Il “peso” dei centristi
Del resto, qualche problema c’è anche per l’altro vicepresidente: quello che dovrebbe essere eletto dalla maggioranza. Il nome è quello dell’autonomista Roberto Di Mauro, dato per certo fino a due giorni fa. Nel frattempo, però, qualcosa è cambiato. La sua lista, quella dei Popolari e autonomisti, ha espresso in giunta non più due, ma tre assessori, con l’arrivo in extremis di Mariella Ippolito, voluta fortemente da Raffaele Lombardo. E così, adesso, la poltrona di Di Mauro traballa. E anche in questo caso, parlano i numeri. Quella lista, infatti, ha fatto eleggere sei deputati ottenendo più o meno lo stesso consenso dell’Udc (che in giunta ha indicato due assessori, avendo fatto eleggere 5 deputati) e non molto di più di #DiventeràBellissima che di assessori ne ha avuto solo uno nonostante i 5 deputati eletti anche in questo caso, e sebbene la delega alla Sanità, finita nelle mani di Ruggero Razza sia di primaria importanza. In questo caso il regolamento prevede per ogni singolo deputato la possibilità di indicare due nomi. E gli incroci possibili sono tanti. Anche perché gli altri partiti di centrodestra non sembrano così convinti di lasciare agli uomini di Romano e Lombardo anche la vicepresidenza.
Le altre cariche
Una partita che ovviamente riguarderà anche le altre cariche dell’Ars. A cominciare da quella dei tre questori, dove i nomi indicati sono quelli di Giusy Savarino e Giorgio Assenza per il movimento del governatore (nel caso in cui non dovesse arrivare la vicepresidenza) e di Alfio Papale per Forza Italia. Il terzo questore sarà indicato dal partito di opposizione (Pd o M5S) che non avrà conquistato la vicepresidenza. E poi, ecco anche la corsa per i segretari, presidenti di commissione e capigruppo. In quest’ultimo caso, qualche certezze c’è già: Giuseppe Milazzo guiderà Forza Italia all’Ars e Alessandro Aricò sarà il capogruppo di #DiventeràBellissima. Probabile invece la scelta di Pippo Compagnone per i Popolari e autonomisti, mentre per l’Udc si fa il nome di Margherita La Rocca Ruvolo.

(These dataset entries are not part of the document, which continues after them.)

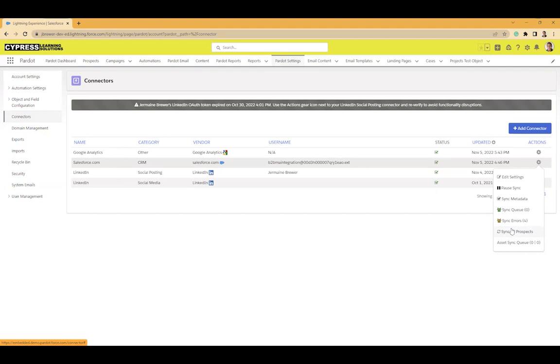Well, now you no longer have to do that. You can come here, do a sync all prospects, and it will sync all of your prospects in the database. Definitely saves some time here, and this is actually a really cool feature that I like.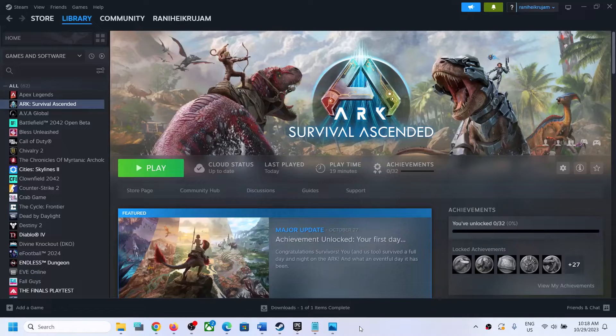Hello guys, welcome to my channel. Today in this video I'm going to show you how to fix when audio is not working with ARK Survival Ascended game on a Windows computer. If the audio is not working at all, or if you are facing any issue with the audio, then please follow the steps shown in this video.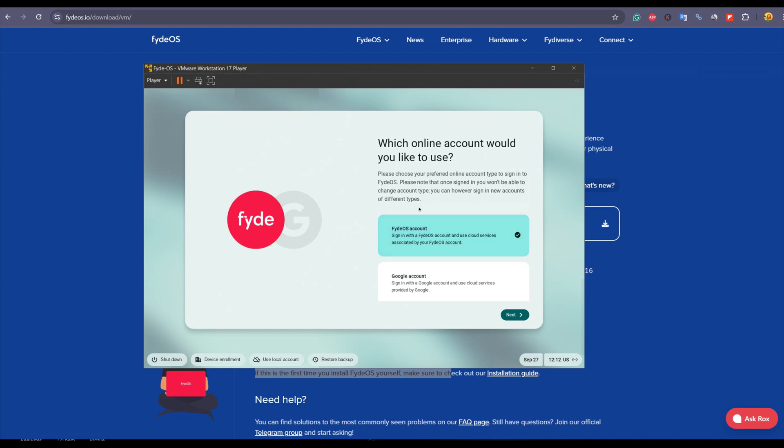Whereas those who want their data on their local machine and don't want to use cloud services, they can use the local account. Here I don't want to use cloud services, that's why I'm going to use the local account. Click on the local account and again it will ask you whether you want to use or not. Yes, I want to use, so use the local account button, click on that.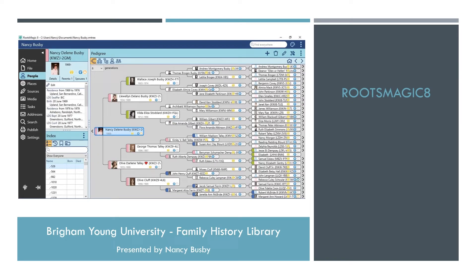Hi, welcome to this presentation introducing you to RootsMagic 8. This is a brief overview of how to navigate in RootsMagic 8.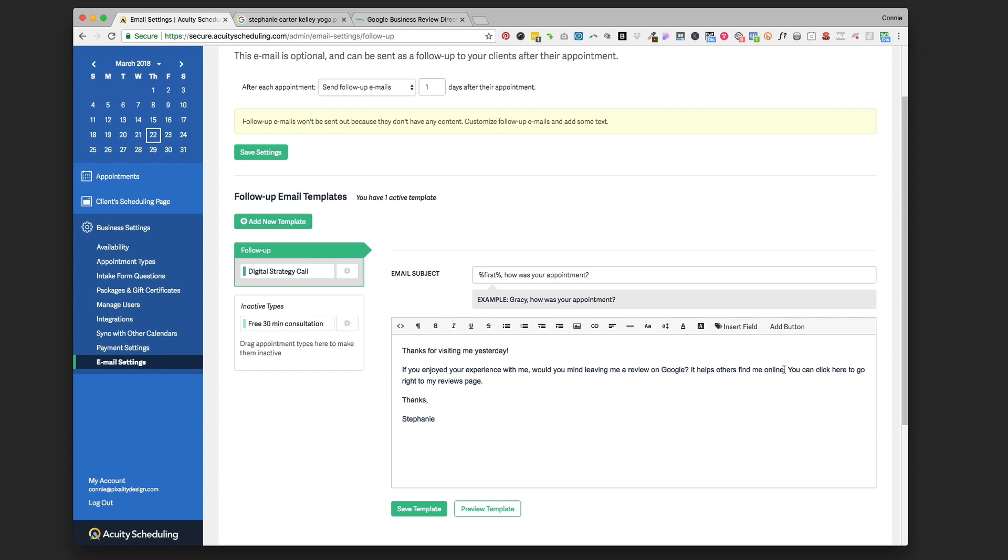So the next thing we're going to do is find this link that we can link to 'click here to go right to my reviews page.' We want to make it as easy as we can for your clients to get to the right spot to leave your review. That's sometimes a little tricky if you're trying to point them through. 'Go to Google, search for my business name, you should see a little link that says leave a review' - that's too much work for them. So we're going to make it super easy for them.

Quanto valgono le poltrone
Tutte le cariche ovviamente non hanno solo una valenza legata al prestigio. Quelle poltrone, infatti, “valgono” un bonus economico che va ad aggiungersi ai 11.100 euro (in parte lordi, in parte netti) dell’indennità base del deputato. Al presidente dell’Ars, infatti, spetta una indennità aggiuntiva netta di 2.700 euro al mese, ai due vicepresidenti vanno 1.800 euro, ai deputati questori 1.622,45, ai deputati segretari, ai presidenti di commissione e ai capigruppo vanno 1.159,14 euro lordi. Perché spesso, molto spesso, il significato di tante battaglie è anche nei numeri.